**TO DO:**
Would you transcribe the whole listing exactly, minus its pictures?

**DATA EXTRACT:**
Content starts

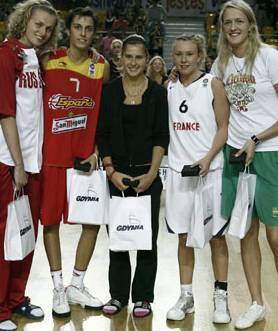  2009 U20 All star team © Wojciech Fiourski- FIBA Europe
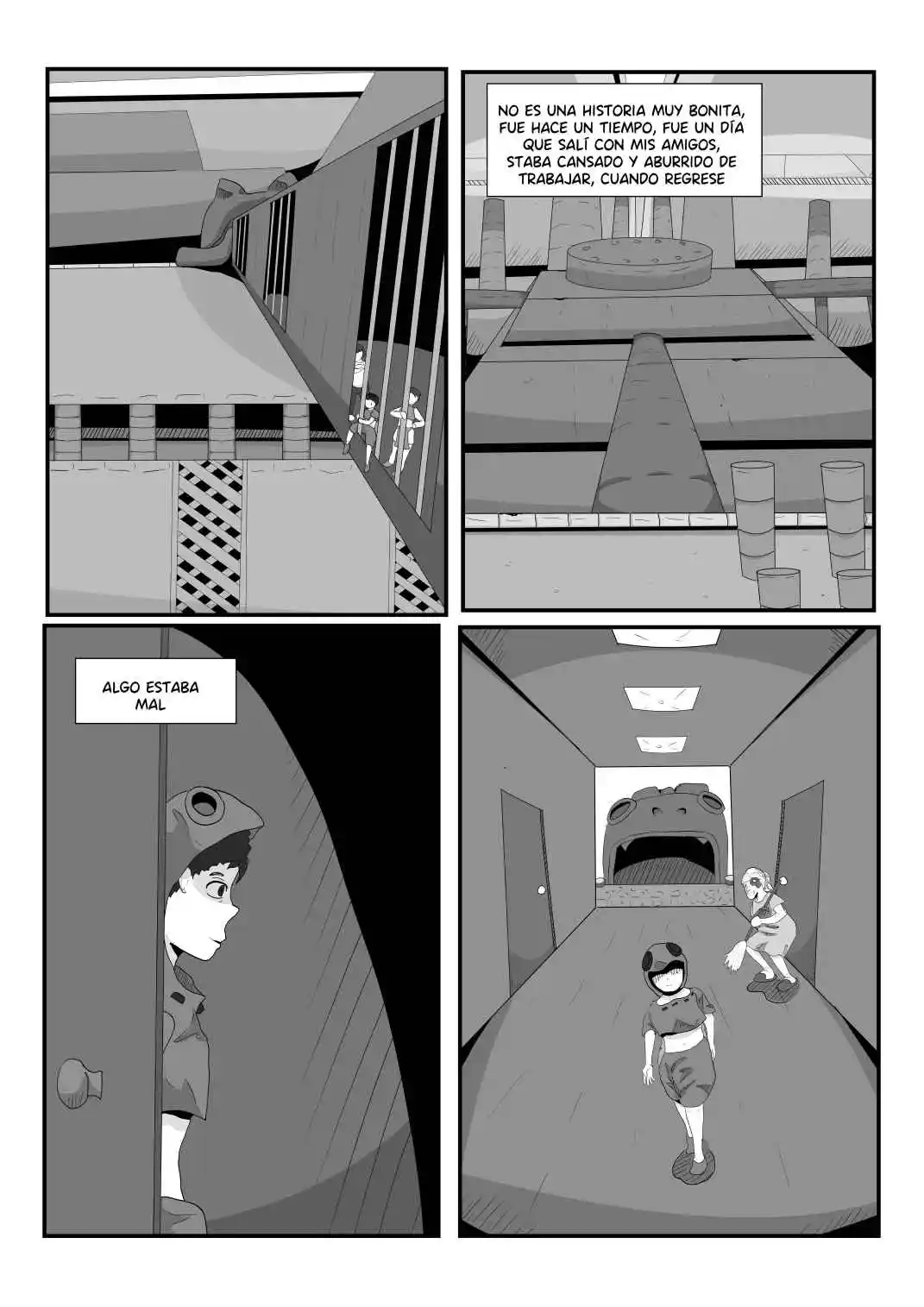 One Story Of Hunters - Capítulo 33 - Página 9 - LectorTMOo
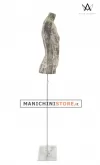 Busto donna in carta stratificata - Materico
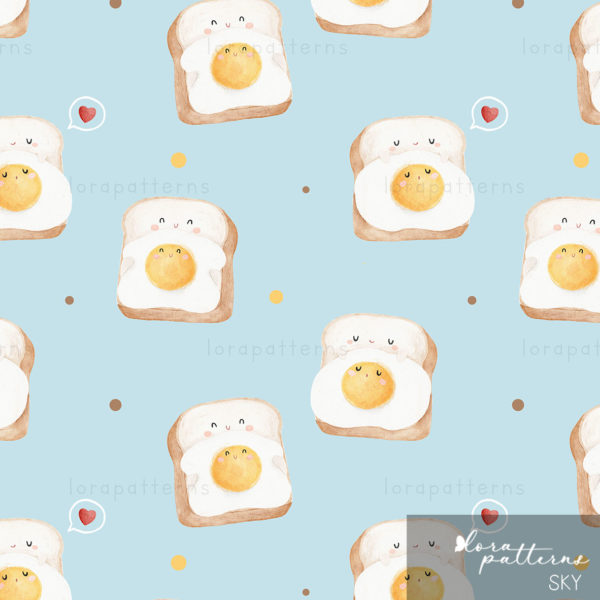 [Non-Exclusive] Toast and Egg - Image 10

Content ends

**REPLY:**
  2009 U20 All star team © Wojciech Fiourski- FIBA Europe
 One Story Of Hunters - Capítulo 33 - Página 9 - LectorTMOo
 Busto donna in carta stratificata - Materico
 [Non-Exclusive] Toast and Egg - Image 10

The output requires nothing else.